The general partners are responsible for the daily operations of the company. They are also personally liable for its obligations and debts. To absorb the liability, professionals often suggest the principles use a corporation or a limited liability company as the general partner. Placing such an entity in this position protects the controlling parties from business lawsuits. The limited partners invest capital in the company and share in the profits, but take no part in the daily operation of the business. Their liability, should the company be sued, is limited in proportion to the amount of capital that they invest.
How People Use Limited Partnerships
Businesses that organize as limited partnerships often do so when the focus is on a single or limited duration project. An example of a business activity where limited partnerships are frequently used is in real estate development or in the film industry. In the Real Estate scenario, general and limited partners come together to work on a short term project, a construction job. The limited partners invest money and the general partners manage the venture. A limited partnership is often used to encourage the investment of capital by offering investors limited liability. A properly drawn up limited partnership agreement is the foundation to an effectively structured limited partnership. This agreement is usually a privately signed document that is not normally publicly recorded.
For example, B. Smith has his eye on a tract of land in a growing area. He has a plan on how to profitably build ten homes on the property but he does not have the money to complete the job. His friend, Jeff, has money to invest but does not know how to develop land.
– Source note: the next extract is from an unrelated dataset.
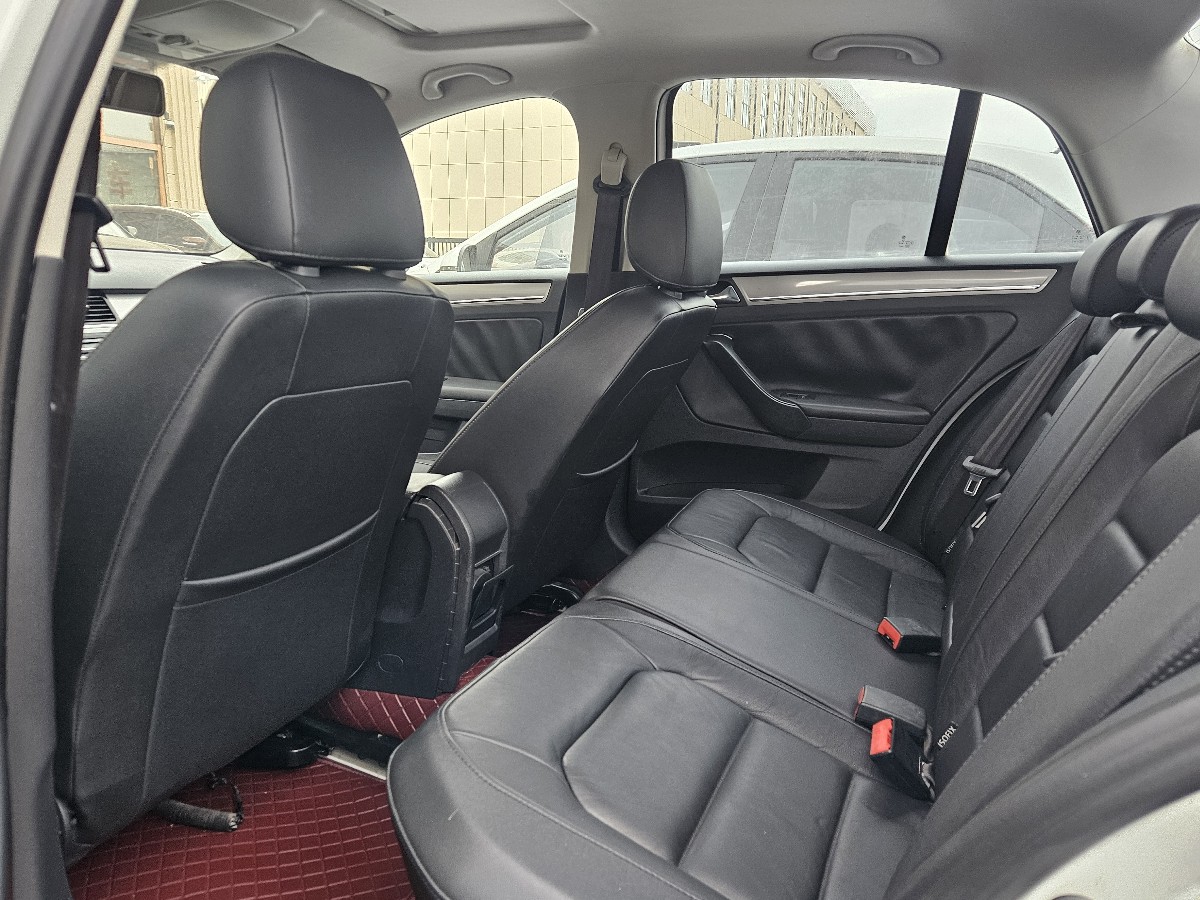 Volkswagen Bora 2014 imagen de coche #4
Bill and Jeff can form a limited partnership that will allow Jeff to limit his liability. So, Jeff contributes his capital to the LP in exchange for an interested in the limited partnership. Bill acts as general partner and manages the construction. Preferably, to take liability protection a step further, Bill could incorporate or form a limited liability company to be the general partner. This scenario would allow for the maximum of liability and asset protection for Bill and Jeff in their venture.
Advantages of a Limited Partnership
Tax benefits, protection of assets, and liability protection for the limited partners are just a few of the advantages found within the framework of a Limited Partnership. When a limited partner is sued, the assets inside of the limited partnership are protected from seizure.
Additionally, it is easier to attract investors for a business proposition as limited partners. A limited partnership is considered to be a separate legal entity, and as such can sue, be sued, and own property. Forming a limited partnership also helps with credibility, anonymity, lawsuit protection, and allows you to deduct employee benefits.
Some of these advantages are:
- Provides legal framework to the beginning of the business
- Profits are reported on the partners’ personal tax returns (pass through taxation)
- Asset protection; when a limited partner is sued, the assets inside of the LP are protected from seizure.
- Limited Partners are protected from liability in a business lawsuit
- Limited Partnerships are a separate legal entity that can own property, sue, and be sued
Disadvantages of Limited Partnership
In a Limited Partnership, the general partner bears the burden of running the business and is directly liable for the obligations and debts of the company. As a separate legal entity, there is a certain amount of paperwork required to form the Limited Partnership. There are also corporate formalities, such as annual meetings, that are required of a limited partnership . Limited Partnerships must also plan for their duration. Unless planned for in the limited partnership agreement, the partnership dissolves in the event of the death, bankruptcy, or departure of a member. Depending on the situation, the Limited Partnership could foster conflict between general partners, and result in one partner entering into a legally binding agreement without the consent of the other partners. Thus, it is vitally important to have a properly drafted partnership agreement.
Some of these disadvantages outlined are:
- More legal documentation required than a General Partnership
- The General Partner is directly liable for debts and obligations of the company
- The formalities of a limited partnership must be observed to keep the business in good standing and to properly safeguard the limited liability
- Divided authority among partners
In conclusion, a Limited Partnership can be a valuable business organization of planned for and documented properly.